令狐转身打开多光谱扫描仪。吴茵送来的那张1998年湿地工程图平铺在操作台上,纸面发黄,边角卷曲。她昨天打电话说,父亲当年参与项目时,提过一个没对外公开的临时站点,但档案里查不到。
扫描仪逐层成像。可见光下什么都没有,红外波段也没发现异常。切换到紫外偏振模式时,底层铅笔痕迹慢慢浮现——一组极淡的坐标网格,横轴标B7,纵轴写Sub。
他把坐标输入市政地理系统。
定位落在现在恒安总部的地基范围内。进一步查1998年备案记录,该区域登记为“临时物资中转站”,但建设许可由宏远市政单独申报,未纳入主体工程档案。负责人是赵德海。
名字对上了。
周正仁的电话又来了。
“维修记录查到了。”他说,“地下二层电路检修,过去五年都是同一家公司做的——净安环保。合同编号、付款流水都走明账。”
“谁名下的?”
“法人代表姓秦,是秦守业外甥。”
令狐没出声。这个名字最近频繁出现在边缘线索里,像一根线串着几块碎玻璃。他把芯片定位时间轴拉出来,和维修日志对照。每次检修日期前后,H-07编号牌都有一次进出恒安地下的记录。
规律太整齐。
不是巧合,是流程。
他把三组数据并列:芯片轨迹显示周期性运输,温控参数符合特殊存储需求,工程图坐标指向原始地下结构。现在缺一个连接点——能把这三条线拧成一股绳的具体行为模式。
答案出现在物业交接班日志里。
每次检修结束,都会有一辆净安环保的工程车从地下出口驶出,车牌号固定,车型为封闭式厢货。载重传感器记录显示,离场时车辆自重平均增加1.2吨。
运进去的是人或设备,运出来的是东西。
令狐翻到H-07尸检报告第14页。颅骨颞骨沉积区有微量ZH-3残留,形态呈定向渗透状,说明接触过程是被动的、持续的,且发生在封闭空间内。结合胃部检出的改良配方,死者生前长期暴露于该环境。

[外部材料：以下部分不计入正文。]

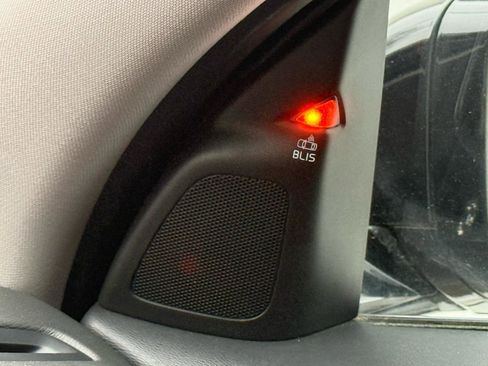 Used 2018 Volvo V60 T5 Cross Country w/ Convenience Package image 26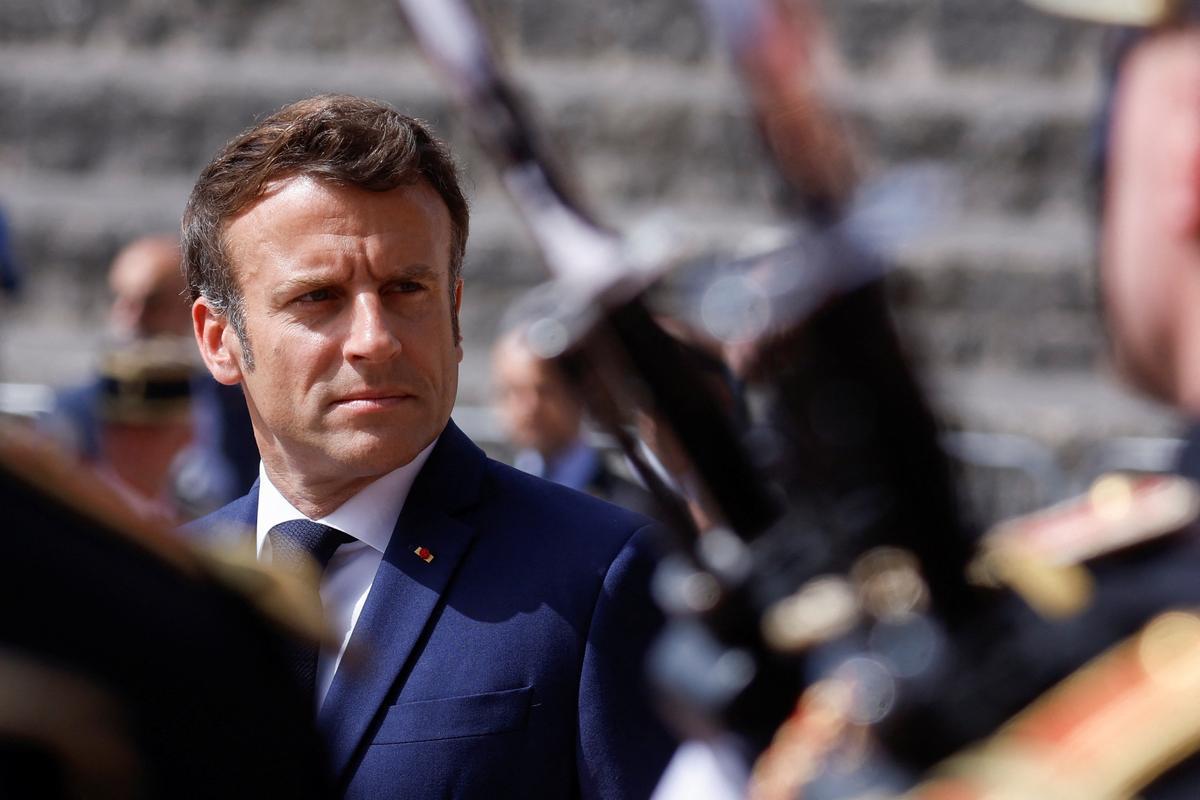 Emmanuel Macron teme perder la mayoría absoluta.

他重新调出芯片数据,把37次定位按时间排序。第七次、第十四次、第二十一次……每隔七次,轨迹终点停留时间都会延长三小时以上。这个节点与维修日志中的“深度线路排查”完全重合。
有人借检修之名,定期转移某种需要恒温保存的物质。
而H-07,曾被带入那个空间。
手机震动。周正仁发来一张截图:净安环保近三年车辆进出登记表。所有标注“深度排查”的行程,出发地均为安和康复中心外围停车场,时间集中在清晨六点至七点之间。
令狐把这张表和芯片数据叠加。吻合度百分之百。
他起身走到档案柜前,抽出一卷未归档的旧市政通讯录。北光药业的外包安保名单在第23页,G-7编号对应的人员信息已被涂黑,但姓名首字母和入职年份还在。比对安和康复中心早期值班表,同一人曾在两个系统同时出现,间隔不到三个月。
链条开始闭合。
他正要拨号,吴茵来了电话。
“我翻到了父亲的手记复印件。”她说,“里面有一页提到‘B7区设双层隔离,入口需双认证’。他还画了个符号,像是锁孔形状。”